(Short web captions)
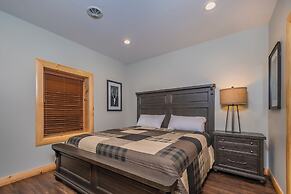 Cj's Mountain Lodge by Taylor Made Deep Creek
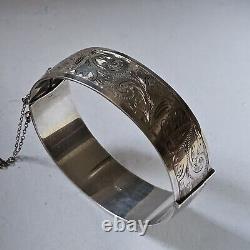 925 Sterling Silver Engraved Opening Bangle Anchor Lion Hallmarks 1960 Vintage 58g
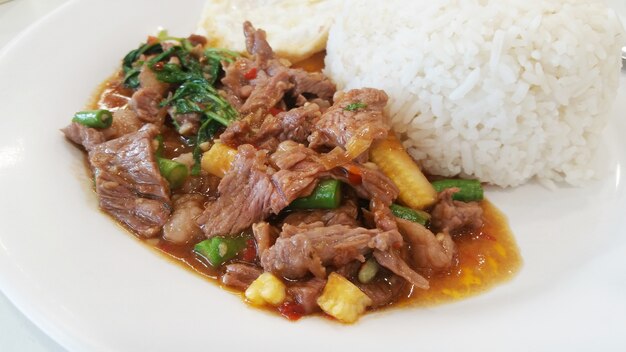 Carne frita picante com folhas de manjericão, comida picante tailandesa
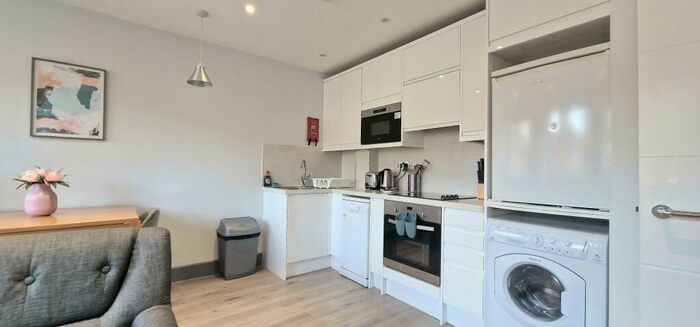 1 Bedroom Apartment To Rent In High Road, Wembley, HA9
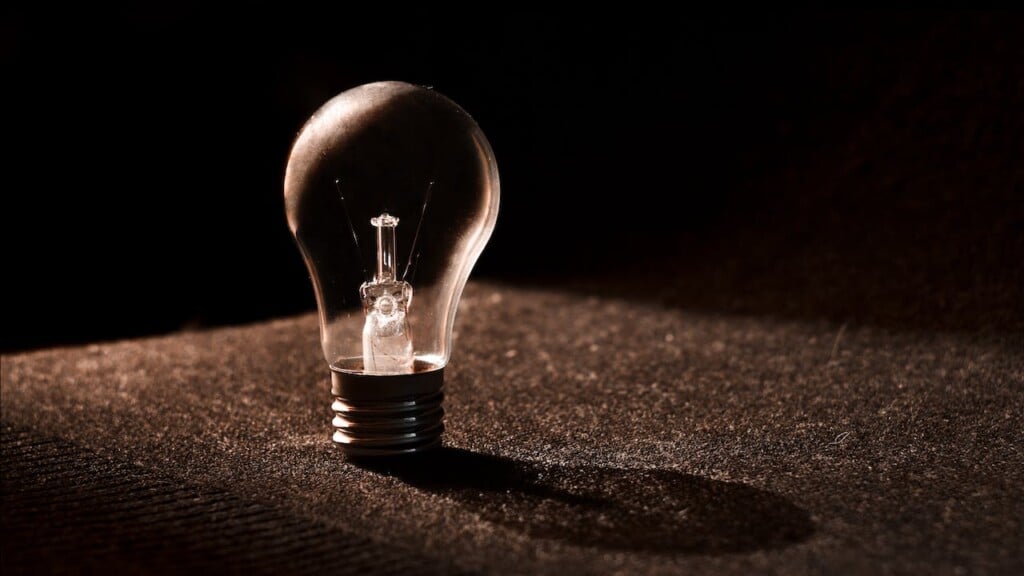 light bulb (Source: Pexels/Pixabay)
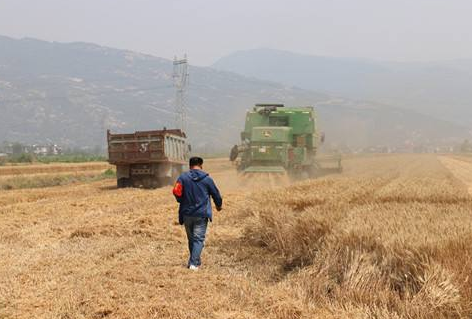 蘭州農(nóng)機安全監(jiān)理確?！叭摹卑踩a(chǎn)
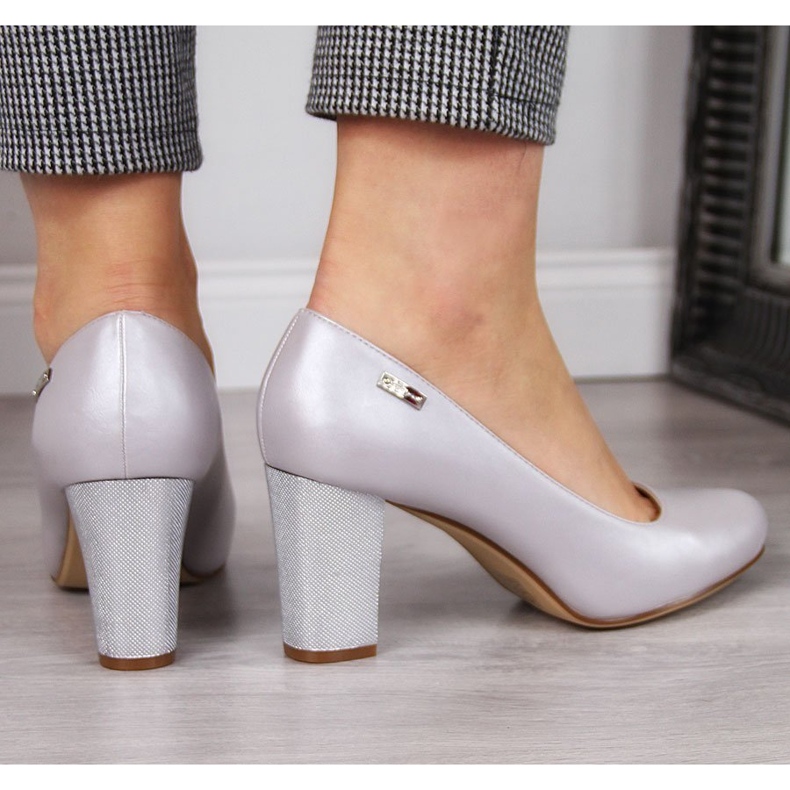 Pompe pe un post argintiu sidefat Sergio Leone 2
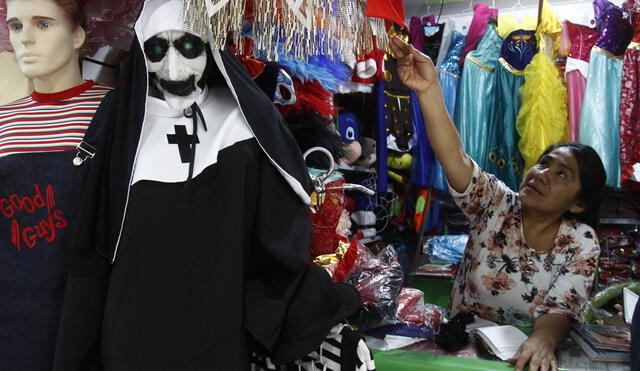 Por Halloween, tiendas de disfraces en el Mercado Central duplican sus ventas | Precios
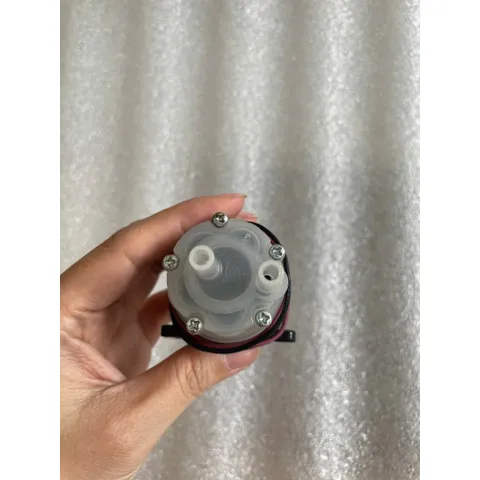 Bơm hút Karofi sử dụng cho cây nước nóng lạnh + 2 cút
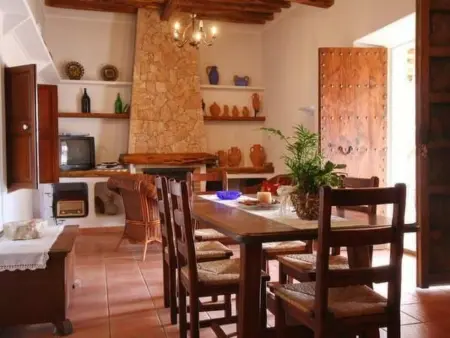 Renoviertes Ferienhaus in Sant Carles De Peralta mit Eigenem Pool - Photo 2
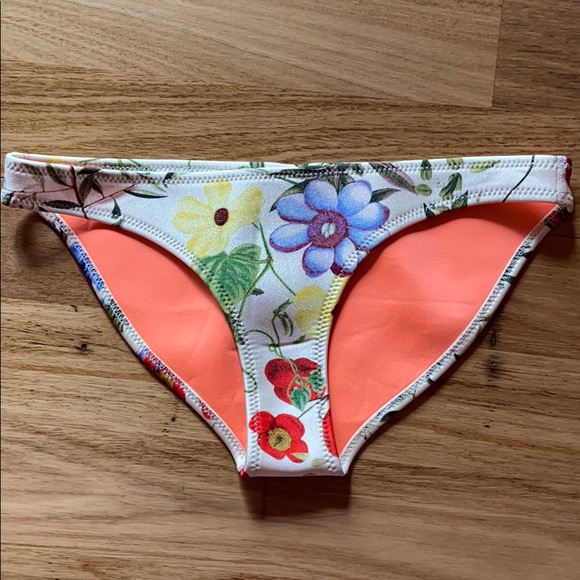 TRIANGL SWIMSUIT - Picture 3 of 4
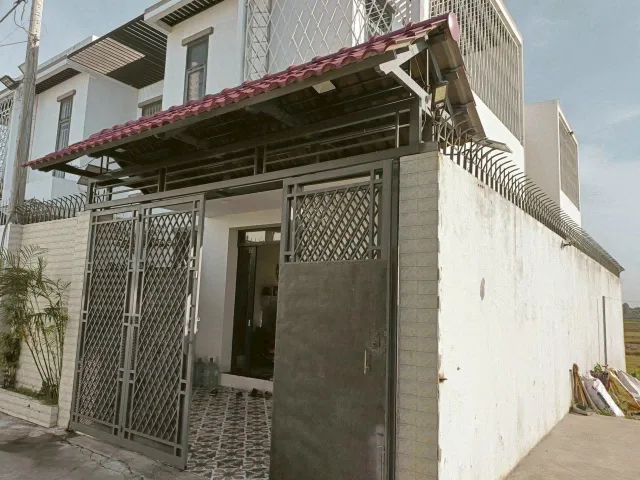 Bán Nhà 1 trệt 1 lầu, còn mới 

Vi trí  khu trại ếch -  phường Long tâm tp br khu vực dân cư đông đúc.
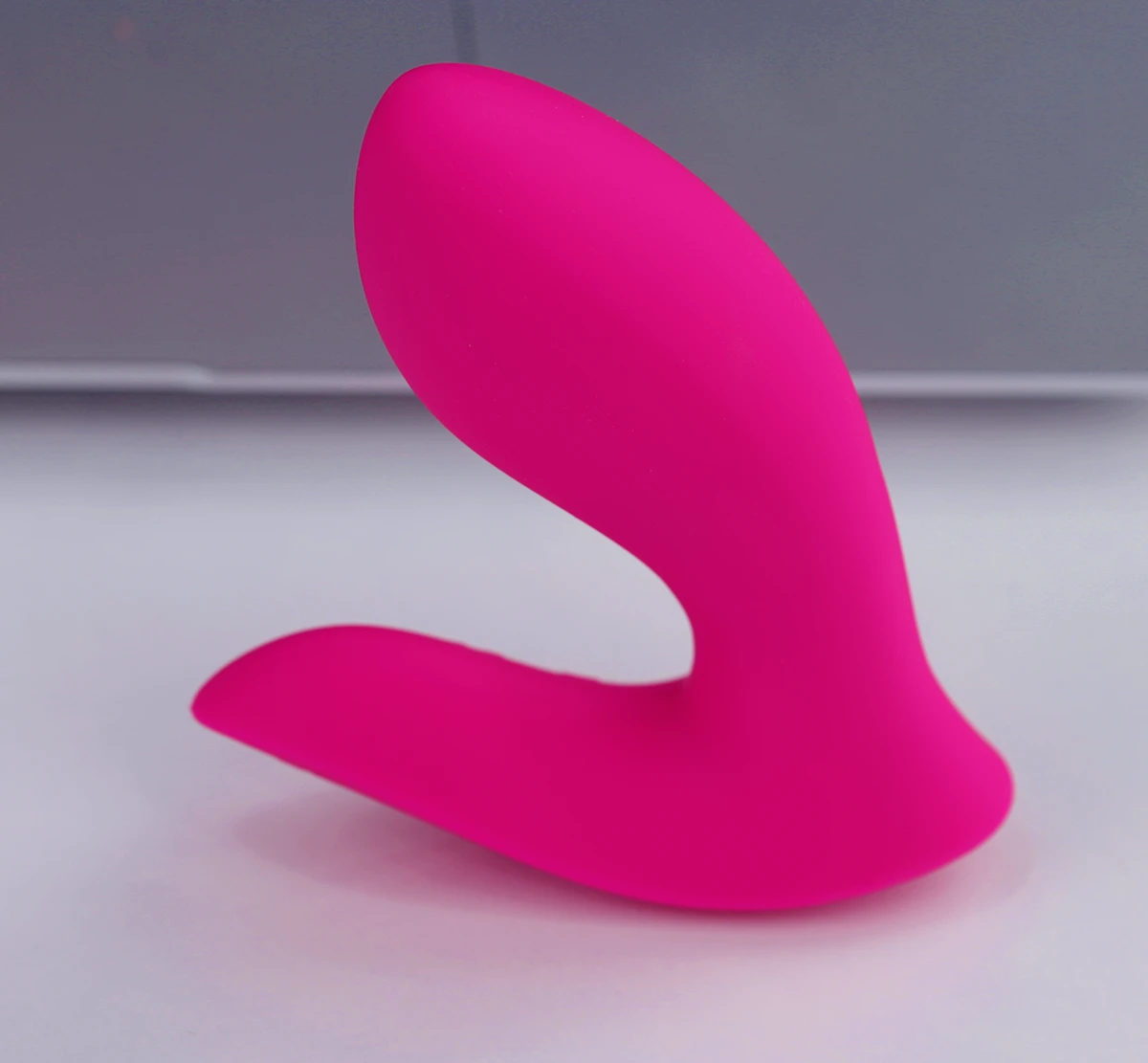 Lovense Flexer máy rung quần chip điều khiển từ xa sướng mê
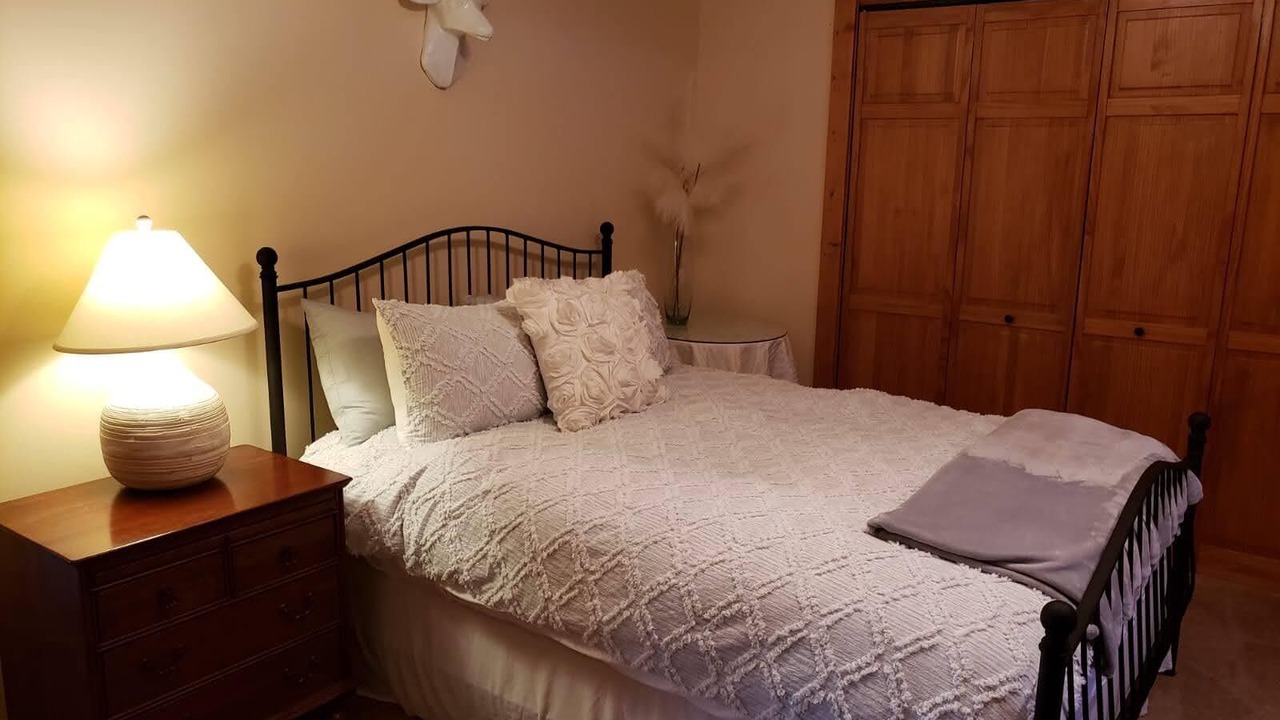 Photo of Bedroom in Livingston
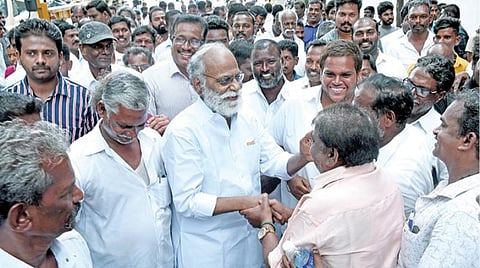 புதிய கட்சி தொடங்கிய கண்ணனைச் சந்தித்து வாழ்த்து கூறும் தொண்டர்கள். படம்: எம்.சாம்ராஜ்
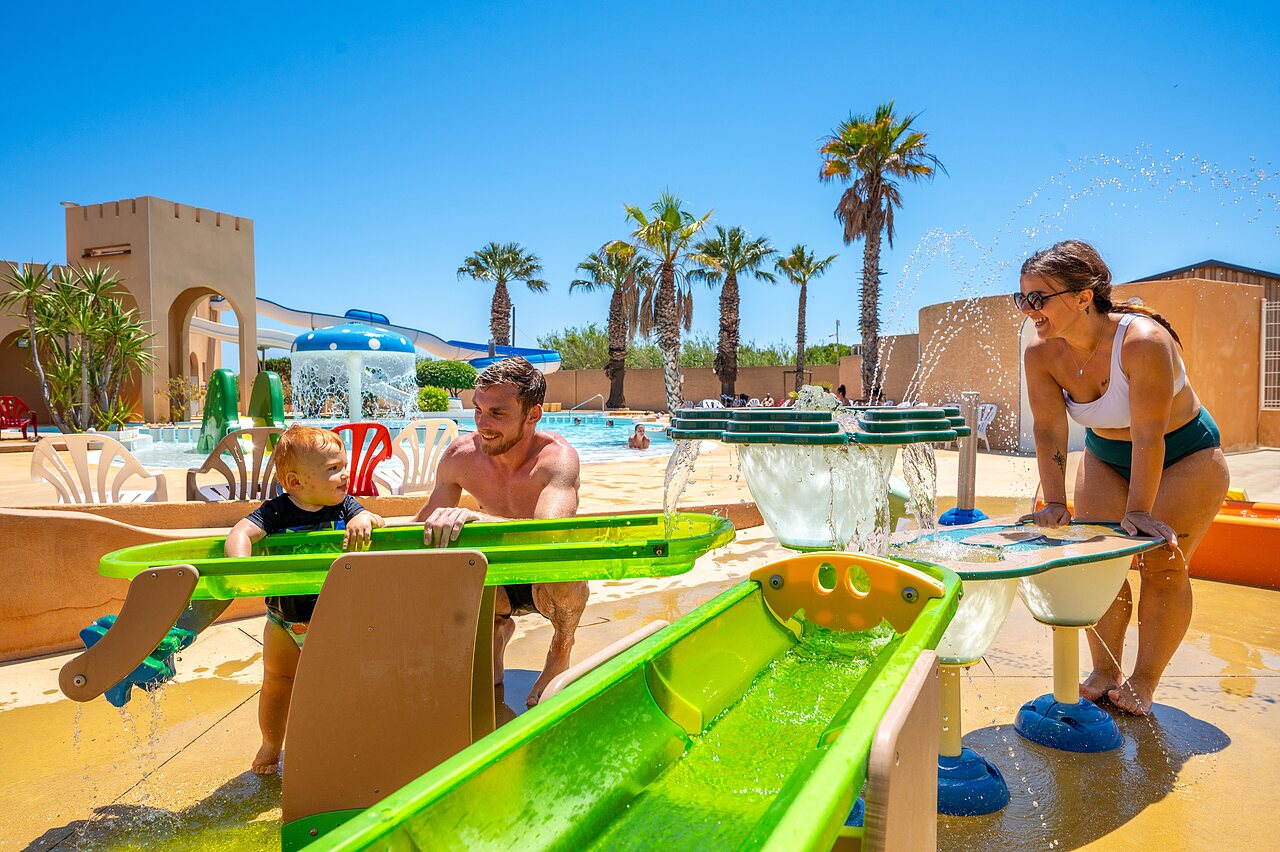 Juegos acu�ticos, piscina infantil para familia en camping CAPFUN Barbacane en NARBONNE (11).
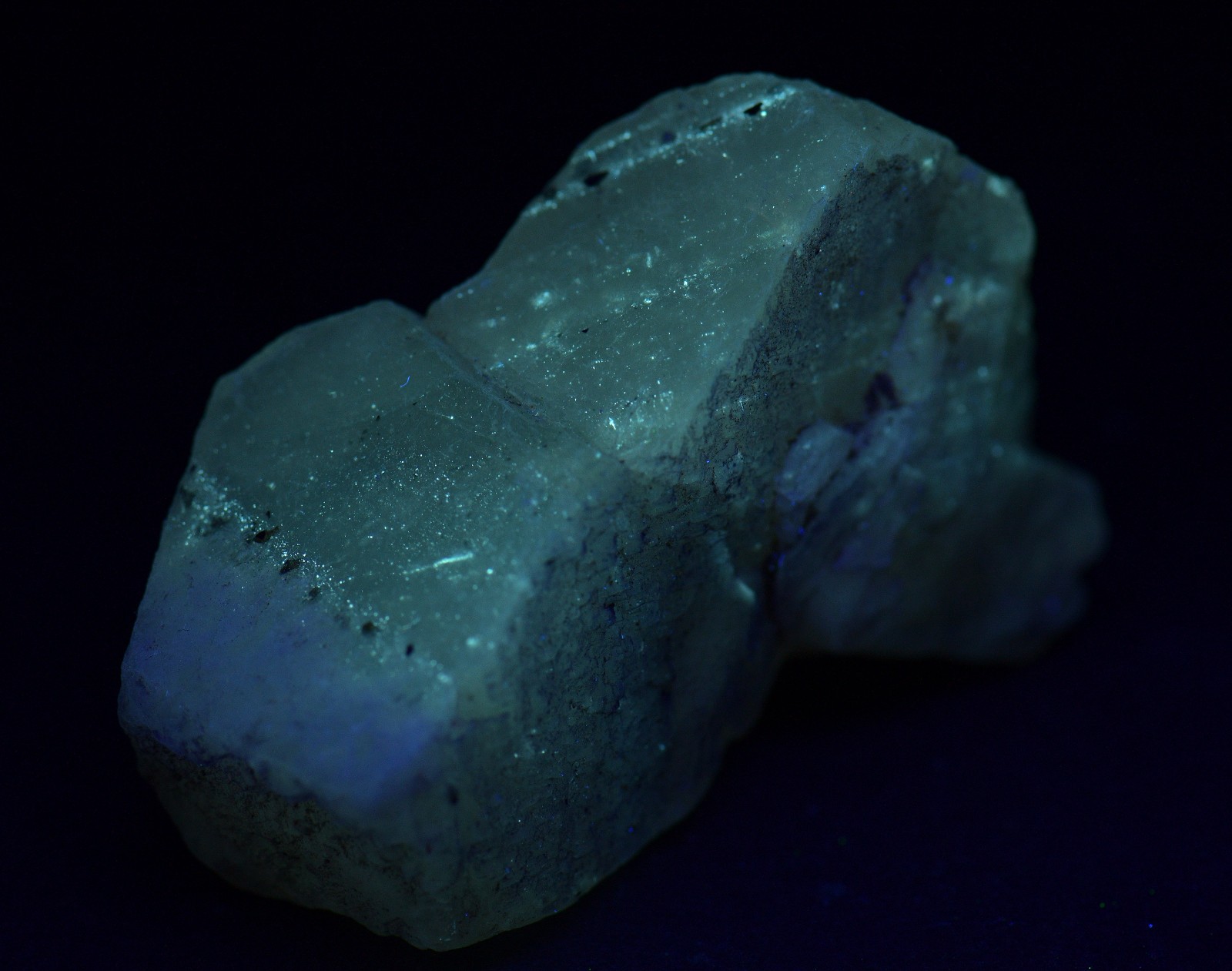 Fluorite crystal with Chalcopyrite inclusions. Cave in Rock, Illinois. 55 grams.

TASK BRIEF - Without the pictures, set down the lines above from the line with "925 Sterling Silver" up to and including the line with "蘭州農(nóng)機安全監(jiān)理確?！叭摹卑踩a(chǎn)" exactly as they stand.

TASK SOLUTION -
 925 Sterling Silver Engraved Opening Bangle Anchor Lion Hallmarks 1960 Vintage 58g
 Carne frita picante com folhas de manjericão, comida picante tailandesa
 1 Bedroom Apartment To Rent In High Road, Wembley, HA9
 light bulb (Source: Pexels/Pixabay)
 蘭州農(nóng)機安全監(jiān)理確?！叭摹卑踩a(chǎn)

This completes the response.